____ MATERIAL PROVIDED
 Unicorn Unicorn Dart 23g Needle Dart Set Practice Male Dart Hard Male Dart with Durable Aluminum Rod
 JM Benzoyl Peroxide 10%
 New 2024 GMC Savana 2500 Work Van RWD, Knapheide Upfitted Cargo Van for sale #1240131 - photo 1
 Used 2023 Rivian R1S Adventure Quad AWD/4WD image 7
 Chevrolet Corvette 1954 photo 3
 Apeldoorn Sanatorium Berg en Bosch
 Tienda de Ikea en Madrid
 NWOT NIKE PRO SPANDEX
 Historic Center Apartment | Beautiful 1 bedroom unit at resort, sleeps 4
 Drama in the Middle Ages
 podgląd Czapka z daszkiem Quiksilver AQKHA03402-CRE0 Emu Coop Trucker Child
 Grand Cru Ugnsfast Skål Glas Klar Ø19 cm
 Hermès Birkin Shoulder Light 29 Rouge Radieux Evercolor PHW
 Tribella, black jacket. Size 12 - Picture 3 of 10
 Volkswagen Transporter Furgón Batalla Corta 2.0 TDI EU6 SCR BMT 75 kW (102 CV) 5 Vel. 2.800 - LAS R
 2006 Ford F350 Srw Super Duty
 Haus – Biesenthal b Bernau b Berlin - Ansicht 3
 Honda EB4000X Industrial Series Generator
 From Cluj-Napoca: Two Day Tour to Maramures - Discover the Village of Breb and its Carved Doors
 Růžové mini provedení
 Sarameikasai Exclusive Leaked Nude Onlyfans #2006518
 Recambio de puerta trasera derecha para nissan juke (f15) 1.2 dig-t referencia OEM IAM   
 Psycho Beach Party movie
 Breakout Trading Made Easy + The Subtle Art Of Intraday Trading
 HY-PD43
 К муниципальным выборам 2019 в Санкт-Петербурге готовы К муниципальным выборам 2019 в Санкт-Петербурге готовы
________
* **EXERCISE OBJECTIVE**:
Starting at the line that contains "podgląd Czapka z", retype each remaining line of the records exactly; that line and the last line are both included.

* **ANSWER TO THE PROBLEM**:
 podgląd Czapka z daszkiem Quiksilver AQKHA03402-CRE0 Emu Coop Trucker Child
 Grand Cru Ugnsfast Skål Glas Klar Ø19 cm
 Hermès Birkin Shoulder Light 29 Rouge Radieux Evercolor PHW
 Tribella, black jacket. Size 12 - Picture 3 of 10
 Volkswagen Transporter Furgón Batalla Corta 2.0 TDI EU6 SCR BMT 75 kW (102 CV) 5 Vel. 2.800 - LAS R
 2006 Ford F350 Srw Super Duty
 Haus – Biesenthal b Bernau b Berlin - Ansicht 3
 Honda EB4000X Industrial Series Generator
 From Cluj-Napoca: Two Day Tour to Maramures - Discover the Village of Breb and its Carved Doors
 Růžové mini provedení
 Sarameikasai Exclusive Leaked Nude Onlyfans #2006518
 Recambio de puerta trasera derecha para nissan juke (f15) 1.2 dig-t referencia OEM IAM   
 Psycho Beach Party movie
 Breakout Trading Made Easy + The Subtle Art Of Intraday Trading
 HY-PD43
 К муниципальным выборам 2019 в Санкт-Петербурге готовы К муниципальным выборам 2019 в Санкт-Петербурге готовы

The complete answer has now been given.